Mobil automatic transmission atau transmisi otomatis tidak asing bagi Anda yang sering menggunakannya sebagai kendaraan sehari-hari. Berbeda dari transmisi manual, mobil dengan transmisi otomatis atau mobil matic tidak dilengkapi dengan pedal kopling serta engine brake yang memadai.

Oleh karena itu, diperlukan perhatian serta ketelitian dalam mengemudikanya, terutama di jalanan menanjak dan jalanan dengan turunan tajam. Lantas, bagaimana cara mengemudikan jenis mobil satu ini dengan aman di jalanan dengan tanjakan atau turunan yang tajam? Simak penjelasannya!

Mobil Transmisi Automatic
Pajero sport automatic transmition

Cara Mengendarai Mobil Matic Berdasarkan Kondisi Jalan

Berkendara dengan mobil matic memang perlu trik, apalagi mobil ini tidak memiliki pedal kopling dan engine break.

1. Jalan Tanjakan

Jalanan rata sudah menjadi hal yang biasa, bahkan terbilang sangat mudah untuk dilalui.
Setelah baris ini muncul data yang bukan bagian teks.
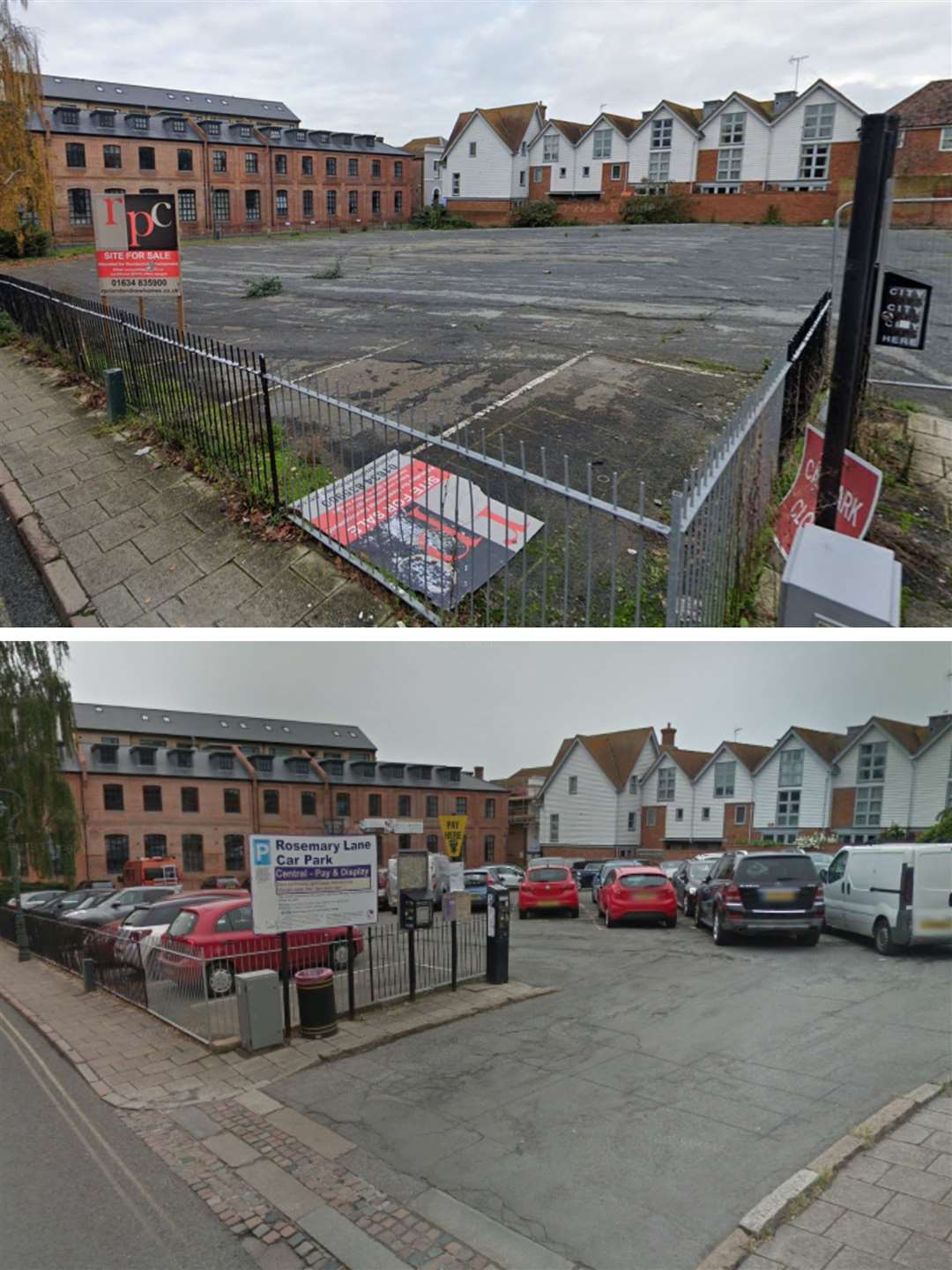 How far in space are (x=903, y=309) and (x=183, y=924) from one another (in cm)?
921

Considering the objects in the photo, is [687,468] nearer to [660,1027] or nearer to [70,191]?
[660,1027]

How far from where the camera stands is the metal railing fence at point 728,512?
4781 millimetres

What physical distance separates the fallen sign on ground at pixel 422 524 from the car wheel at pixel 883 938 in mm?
6518

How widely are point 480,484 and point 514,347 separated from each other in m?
5.29

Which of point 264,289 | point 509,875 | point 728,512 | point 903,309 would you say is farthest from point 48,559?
point 509,875

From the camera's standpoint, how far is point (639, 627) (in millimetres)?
5391

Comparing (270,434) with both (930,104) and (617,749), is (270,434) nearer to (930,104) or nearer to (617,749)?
(930,104)

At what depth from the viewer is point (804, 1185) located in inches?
170

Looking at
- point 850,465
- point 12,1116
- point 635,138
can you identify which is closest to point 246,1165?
point 12,1116

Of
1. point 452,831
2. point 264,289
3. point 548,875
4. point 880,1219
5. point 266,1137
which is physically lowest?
point 548,875

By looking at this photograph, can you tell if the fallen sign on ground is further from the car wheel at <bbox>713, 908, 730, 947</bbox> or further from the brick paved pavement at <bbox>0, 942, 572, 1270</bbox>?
the car wheel at <bbox>713, 908, 730, 947</bbox>

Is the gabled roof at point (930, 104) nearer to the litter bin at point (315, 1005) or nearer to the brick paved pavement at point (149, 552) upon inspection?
the brick paved pavement at point (149, 552)

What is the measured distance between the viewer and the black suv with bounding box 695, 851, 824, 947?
34.6 feet

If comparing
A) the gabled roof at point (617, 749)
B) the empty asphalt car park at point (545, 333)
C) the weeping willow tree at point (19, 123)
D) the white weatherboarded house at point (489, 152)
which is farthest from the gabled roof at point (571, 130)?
the gabled roof at point (617, 749) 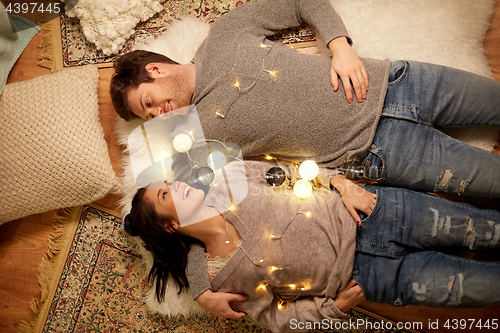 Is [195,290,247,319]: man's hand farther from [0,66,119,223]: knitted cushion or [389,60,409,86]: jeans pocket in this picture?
[389,60,409,86]: jeans pocket

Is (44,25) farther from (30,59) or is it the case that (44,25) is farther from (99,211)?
(99,211)

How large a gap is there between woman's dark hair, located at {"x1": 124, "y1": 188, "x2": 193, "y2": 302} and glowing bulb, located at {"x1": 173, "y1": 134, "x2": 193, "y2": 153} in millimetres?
235

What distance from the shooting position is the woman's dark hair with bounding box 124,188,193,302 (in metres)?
1.25

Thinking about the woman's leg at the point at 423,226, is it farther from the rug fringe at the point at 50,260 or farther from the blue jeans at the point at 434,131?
the rug fringe at the point at 50,260

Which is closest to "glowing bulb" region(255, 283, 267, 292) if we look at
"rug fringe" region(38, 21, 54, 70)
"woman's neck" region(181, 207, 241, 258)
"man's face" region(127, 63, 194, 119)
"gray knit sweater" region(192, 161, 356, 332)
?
"gray knit sweater" region(192, 161, 356, 332)

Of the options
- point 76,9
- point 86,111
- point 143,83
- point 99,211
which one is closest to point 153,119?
point 143,83

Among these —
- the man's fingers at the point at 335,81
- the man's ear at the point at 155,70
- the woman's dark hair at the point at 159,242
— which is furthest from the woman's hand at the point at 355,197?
the man's ear at the point at 155,70

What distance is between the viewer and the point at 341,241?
1210 millimetres

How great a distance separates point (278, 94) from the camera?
1.27 meters

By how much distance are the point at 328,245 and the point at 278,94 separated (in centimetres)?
64

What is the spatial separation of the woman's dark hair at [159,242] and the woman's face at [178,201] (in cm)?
3

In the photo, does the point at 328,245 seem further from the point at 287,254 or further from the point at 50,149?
the point at 50,149

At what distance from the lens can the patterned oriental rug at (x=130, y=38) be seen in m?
1.56

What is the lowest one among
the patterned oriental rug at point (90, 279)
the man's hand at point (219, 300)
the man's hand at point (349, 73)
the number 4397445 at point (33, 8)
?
the patterned oriental rug at point (90, 279) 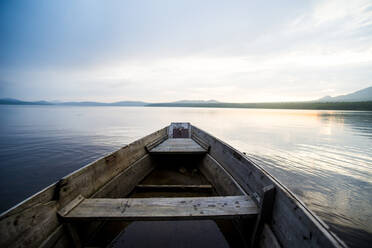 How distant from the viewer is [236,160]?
309cm

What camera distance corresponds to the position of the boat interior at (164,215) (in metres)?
1.89

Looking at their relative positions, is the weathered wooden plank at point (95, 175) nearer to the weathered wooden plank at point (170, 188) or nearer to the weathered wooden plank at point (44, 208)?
the weathered wooden plank at point (44, 208)

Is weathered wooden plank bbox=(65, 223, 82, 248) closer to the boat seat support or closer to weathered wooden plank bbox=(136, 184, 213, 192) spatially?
the boat seat support

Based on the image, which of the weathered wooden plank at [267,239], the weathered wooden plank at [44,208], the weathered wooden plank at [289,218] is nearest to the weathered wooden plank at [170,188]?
the weathered wooden plank at [44,208]

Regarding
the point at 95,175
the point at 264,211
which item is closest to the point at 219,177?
the point at 264,211

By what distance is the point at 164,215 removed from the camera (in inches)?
74.0

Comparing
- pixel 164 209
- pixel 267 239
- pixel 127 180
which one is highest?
pixel 164 209

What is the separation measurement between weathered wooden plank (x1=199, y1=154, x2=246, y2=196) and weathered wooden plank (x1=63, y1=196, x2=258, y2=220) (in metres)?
0.62

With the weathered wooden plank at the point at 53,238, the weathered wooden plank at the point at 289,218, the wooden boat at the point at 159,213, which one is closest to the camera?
the weathered wooden plank at the point at 289,218

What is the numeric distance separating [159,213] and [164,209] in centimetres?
11

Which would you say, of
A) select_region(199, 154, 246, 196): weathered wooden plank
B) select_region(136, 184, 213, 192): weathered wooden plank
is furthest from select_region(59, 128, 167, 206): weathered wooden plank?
select_region(199, 154, 246, 196): weathered wooden plank

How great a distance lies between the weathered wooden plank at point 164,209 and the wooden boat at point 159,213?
1 centimetres

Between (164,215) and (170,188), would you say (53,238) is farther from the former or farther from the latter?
(170,188)

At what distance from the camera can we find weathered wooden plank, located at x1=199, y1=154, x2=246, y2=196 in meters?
2.97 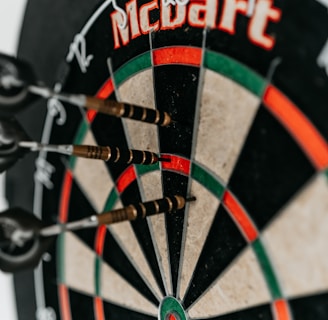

Berbeda dengan jalan menanjak, terlebih jika tanjakan memiliki sudut kemiringan lebih dari 45 derajat.

Tapi jangan khawatir, mobil matic memiliki kemampuan untuk menjaga mesin tetap menyala sekalipun beban mesin terasa berat, sehingga Anda tidak perlu memiliki keahlian khusus untuk memainkan pedal rem, kopling atau hand rem.

Kuncinya adalah tetap tenang, ambil ancang – ancang, gunakan gigi terendah. Gunakan mode sport jika kendaraan Anda di lengkapi dengan mode khusus ini. Biasanya ada tambahan tombol di tuas presneling atau tuas transmisi.

Kemudian injak gas dan atur kecepatan serta RPM mobil agar mesin tidak overhaul. Seandainya, mobil Anda tetap tidak kuat atau spinning, usahakan tetap tenang dan cari tempat mundur untuk putar balik. Anda dapat mencoba kembali atau memilih jalur lain.

Mengendarai Mobil Automatic Transmition
Mengendarai Mobil Automatic Transmition

2. Jalan Turunan

Jalan menurun dianggap lebih beresiko bagi mobil matic dibanding dengan jalan tanjakan. Terlebih mobil matic tidak dilengkapi dengan enggin break yang memadai, membuat seluruh beban mobil hanya bertumpu pada sistem pengereman saja. Lalu, bagaimana agar berkendara dengan transmisi otomatis tetap aman dan nyaman?

Pada posisi puncak turunan, usahakan memperlambat laju mobil. Kemudian pindahkan posisi transmisi pada gigi terendah dan biarkan mobil menuruni jalan dengan lambat. Gunakan rem seperlunya, terutama pada saat kecepatan  yang Anda rasa di luar batas dan hindari menginjak rem secara terus menerus. Hal ini bertujuan untuk menjaga kondisi suhu kampas rem tetap pada kondisi aman.

Adapun hal yang sering terjadi dan dapat berakibat fatal adalah ketika suhu kampas rem melebihi batas normal atau overheat maka sistem pengereman akan kehilangan daya cengkeram. Pemindahan tuas transmisi ke posisi terendah merupakan upaya untuk mengurangi laju mobil sekaligus mengurangi beban sistem pengereman. Jika tuas rem tidak berfungsi, maka otomatis tuas hand rem juga tidak akan banyak membantu.

Selamat berkendara, utamakan keselamatan dan selalu memeriksa kondidi kendaraan sebelum berkendara. Semoga Anda tetap aman dalam berkendara serta terhindar dari kejadian yang tidak Anda inginkan.